### Data to examine
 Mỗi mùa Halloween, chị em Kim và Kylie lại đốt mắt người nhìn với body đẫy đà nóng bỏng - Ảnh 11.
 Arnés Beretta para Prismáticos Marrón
==
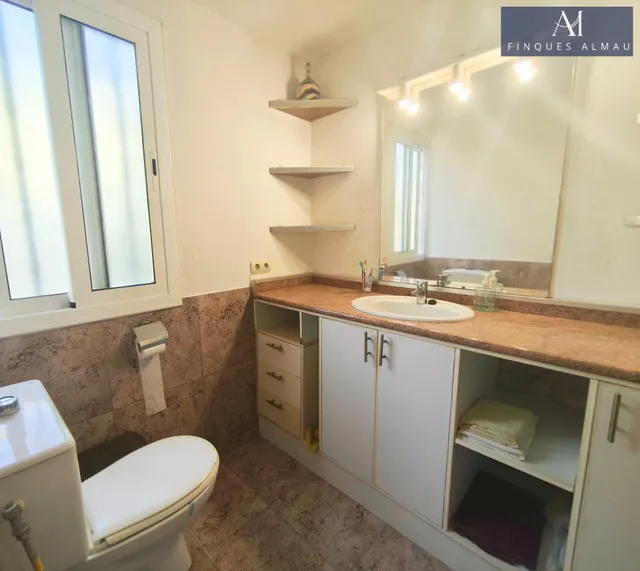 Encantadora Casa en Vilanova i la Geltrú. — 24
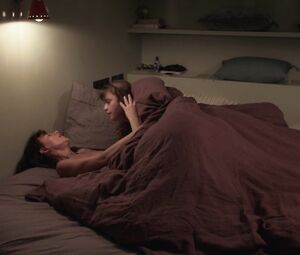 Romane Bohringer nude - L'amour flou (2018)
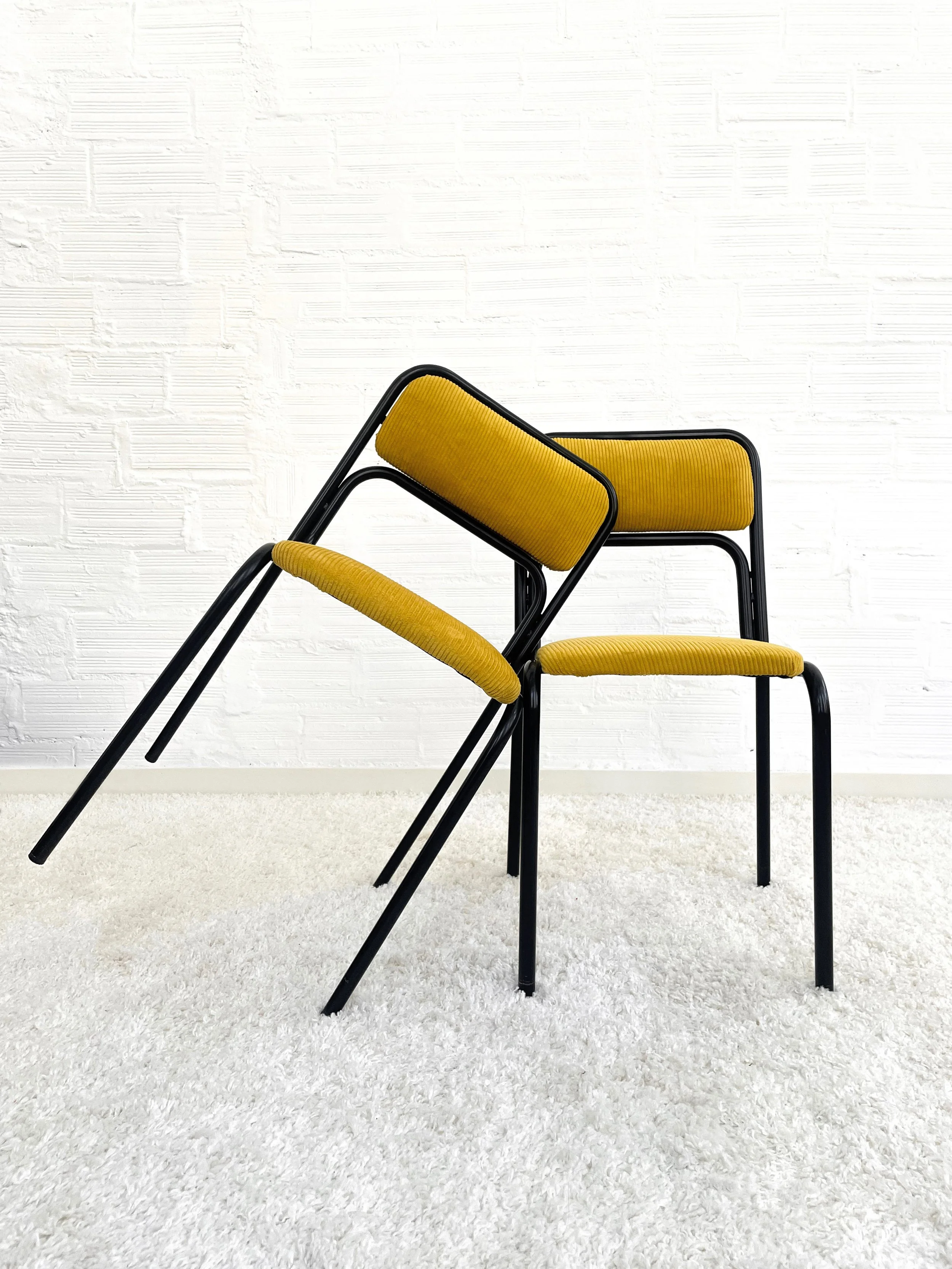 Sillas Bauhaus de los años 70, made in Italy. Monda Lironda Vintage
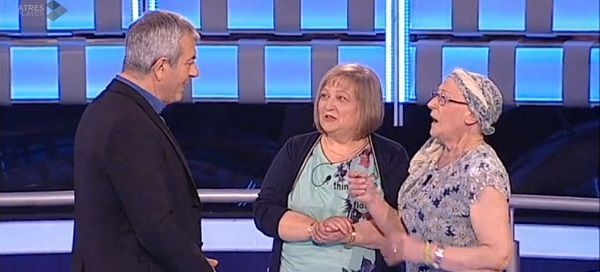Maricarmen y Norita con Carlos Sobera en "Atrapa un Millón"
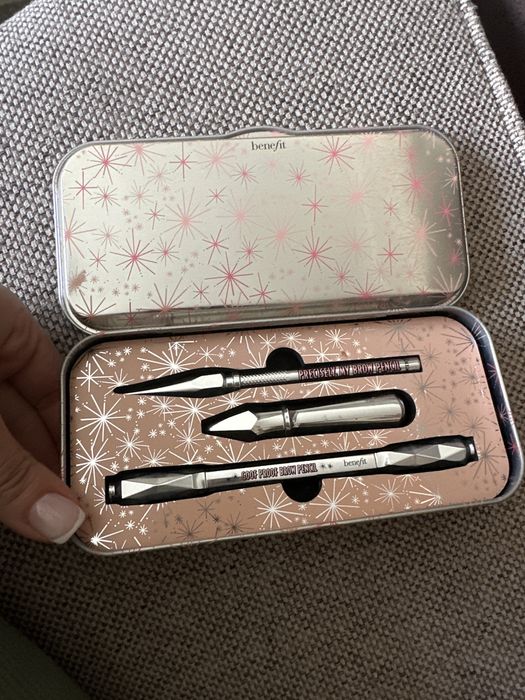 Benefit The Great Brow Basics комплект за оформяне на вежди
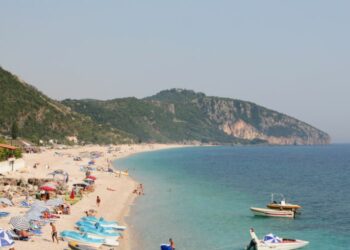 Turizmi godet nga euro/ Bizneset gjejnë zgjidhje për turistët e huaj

### What is required
All that is needed is the exact run of lines above from the line containing "Mỗi mùa Halloween, chị" through the line containing "Arnés Beretta para Prismáticos Marrón", both of them included.

### Result
 Mỗi mùa Halloween, chị em Kim và Kylie lại đốt mắt người nhìn với body đẫy đà nóng bỏng - Ảnh 11.
 Arnés Beretta para Prismáticos Marrón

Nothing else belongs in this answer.